[Crawled caption data]
--- START ---
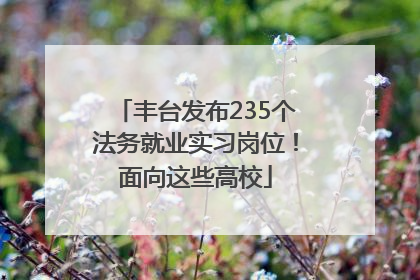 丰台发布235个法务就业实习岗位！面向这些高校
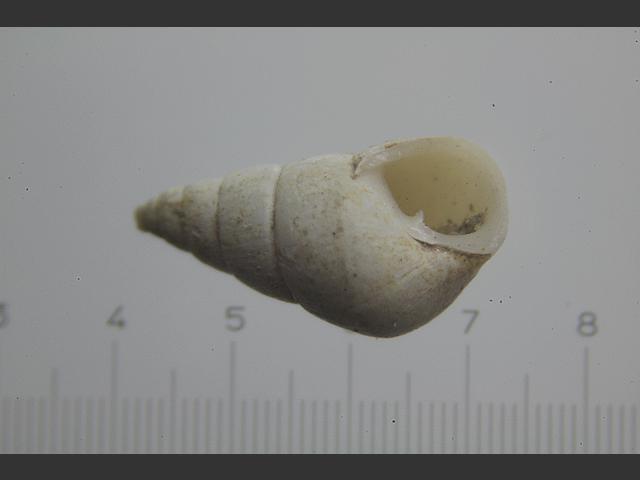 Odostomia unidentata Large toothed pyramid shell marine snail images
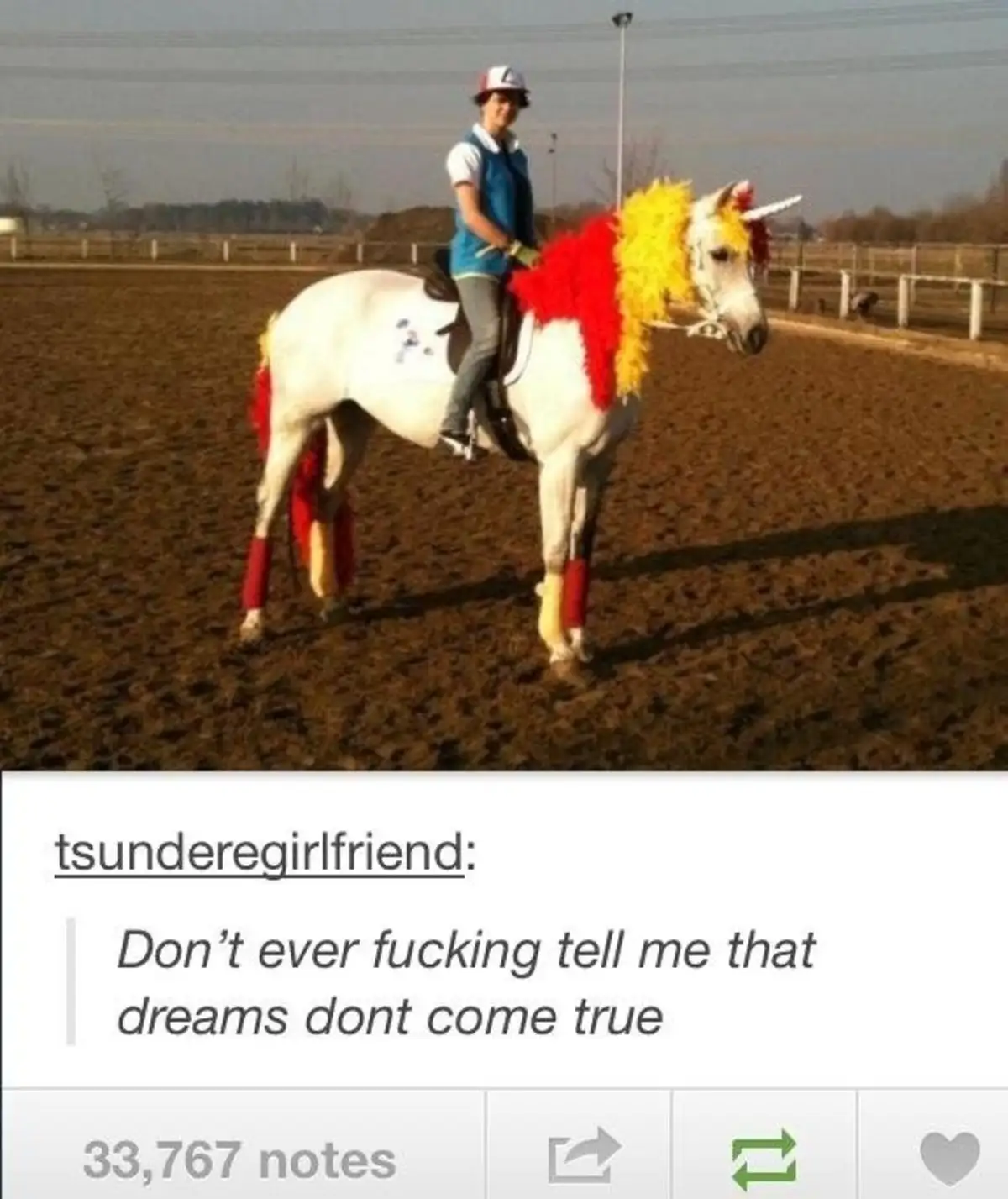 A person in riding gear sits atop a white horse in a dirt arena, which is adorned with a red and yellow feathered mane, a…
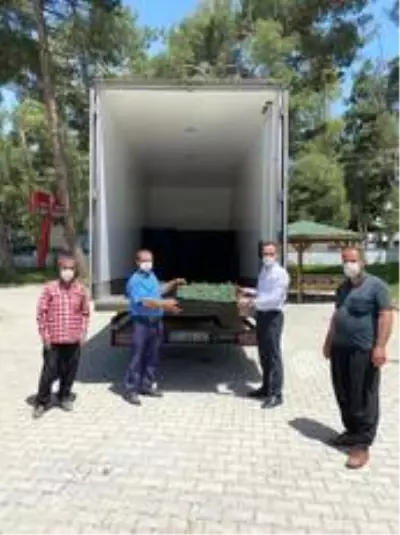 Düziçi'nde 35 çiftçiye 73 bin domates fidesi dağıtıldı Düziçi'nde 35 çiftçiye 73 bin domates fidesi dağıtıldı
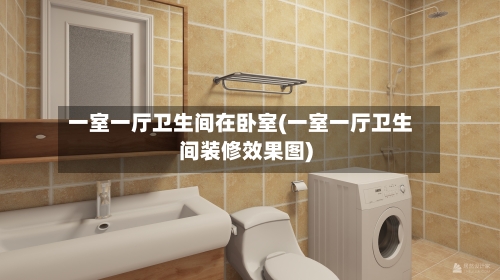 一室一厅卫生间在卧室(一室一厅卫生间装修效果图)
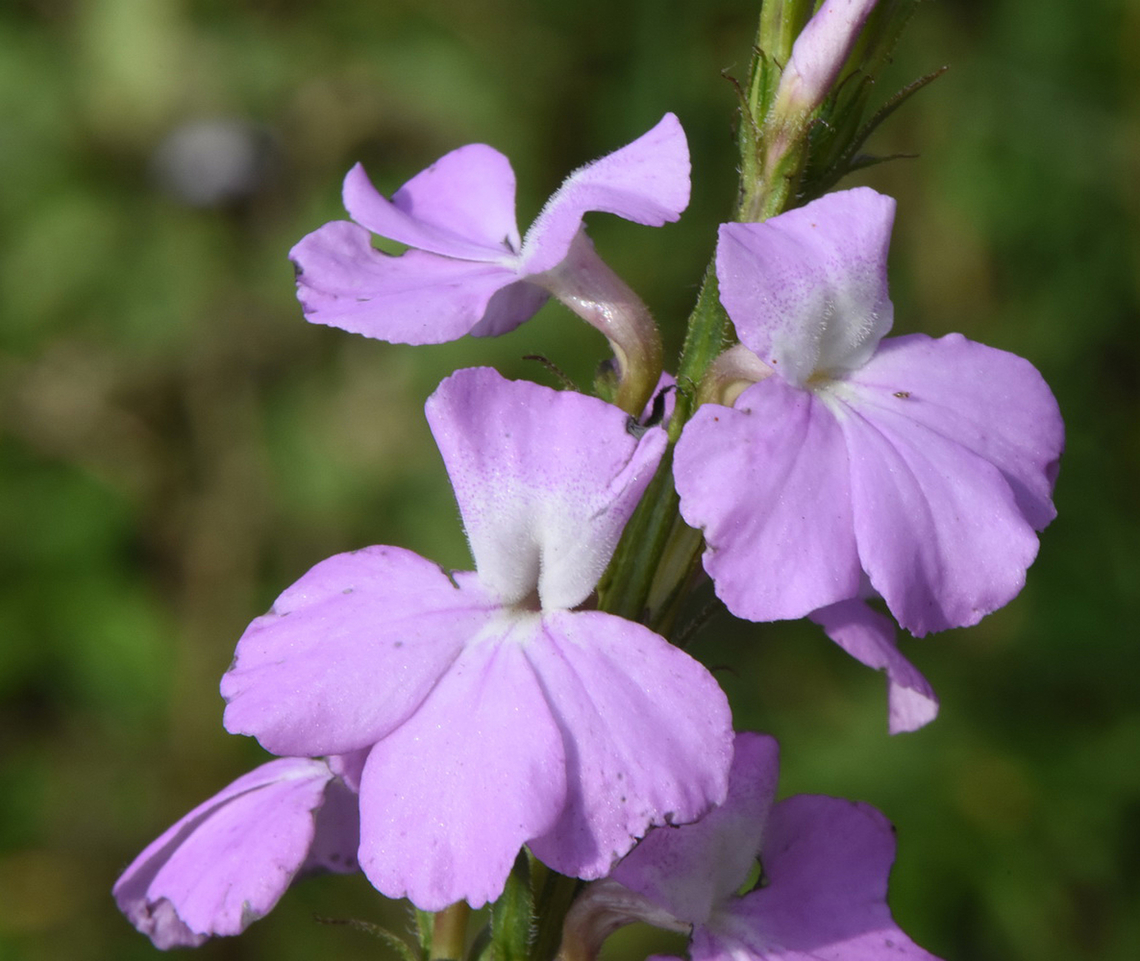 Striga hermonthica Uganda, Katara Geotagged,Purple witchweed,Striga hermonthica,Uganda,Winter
--- END ---
Transcribe the records above exactly, without images.

 丰台发布235个法务就业实习岗位！面向这些高校
 Odostomia unidentata Large toothed pyramid shell marine snail images
 A person in riding gear sits atop a white horse in a dirt arena, which is adorned with a red and yellow feathered mane, a…
 Düziçi'nde 35 çiftçiye 73 bin domates fidesi dağıtıldı Düziçi'nde 35 çiftçiye 73 bin domates fidesi dağıtıldı
 一室一厅卫生间在卧室(一室一厅卫生间装修效果图)
 Striga hermonthica Uganda, Katara Geotagged,Purple witchweed,Striga hermonthica,Uganda,Winter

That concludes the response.